Dublin based artist Alexandra Brunt presents a series of three recent Sound works. These artworks explore Brunt’s interest in perception, phenomenology and consider the fabrication of participatory experience through sound. Through the Juxtaposition of object, body and the female voice the artworks depict a playful yet sinister dialogue of the immaterial subject matter embodied within the work. Her artworks challenge states of reality and physiological phenomena, with particular focus on cultural modes of fragmentation, agency and structures of power.

The work of Chloe Brenan tends to hinge on minimalist interactions with objects and surfaces, often stepping between the languages of text, moving image, print, installation and analogue photographic media.The Hole In The Donut is a moving image piece that explores the representation and destabilization of linear conceptions of time. Astrological phenomena serve as points of reference; celestial orbits and cycles, lunar/solar eclipses, and the periodic alignment of planets in the sky. The piece addresses the absurd, futile and melancholic human need to make sense, order and pattern out of a vast, often chaotic, universe.

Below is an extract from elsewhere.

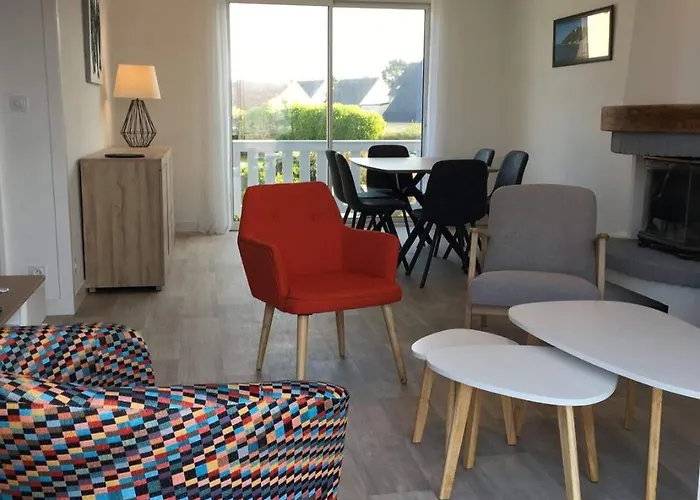 Holiday home Charlotte Barneville-Carteret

These phenomena are considered by way of an investigation into the limits of analogue photographic media, utilizing structural filmmaking techniques such as fixed framing, accelerated shutter speed, close up shots, slow motion, and the polyrhythmic use of three conflicting rhythms. Circular props of various sizes, which act as frames for negative space, are dropped in front of a 16mm camera camera lens in a particular order so that it fleetingly captures what they eye cannot see. The descending objects are then edited into a triptych of three separate rhythmic pieces, played out alongside one another. The cascading objects and sounds, though initially in unison, immediately begin to fall out of sync, eventually realigning, only to dissolve into disharmony once again. This elliptical process repeats infinitely. The loops act as interruptions to linear forward movement, and instead, like planets within a solar system, the objects are bound together in a diverging and intersecting, contrapunctal system. The space created by these loops is that of a perpetual present, emphasized by the torus shaped objects that in themselves have no beginning or end point. Conversely, the series Resonance Overlaps takes its title from a particular phenomenon in celestial mechanics that sees the diffusion or breakdown of planetary orbits; where the synchronous spin paths of two orbiting satellites intersect, exerting a regular, periodic gravitational influence on each other. This produces an orbital eccentricity, or ‘chaotic sea’ in which spin orbits are broken down and from which new paths are created. This dissolution of order into disharmony, and vice versa, is explored through the use of roller marks, typically utilized in the preparation stage of printmaking. Various inked lines intersect at irregular intervals, producing a series of marks that exist somewhere in between a grid or net structure coming into focus or dissolving into a haze.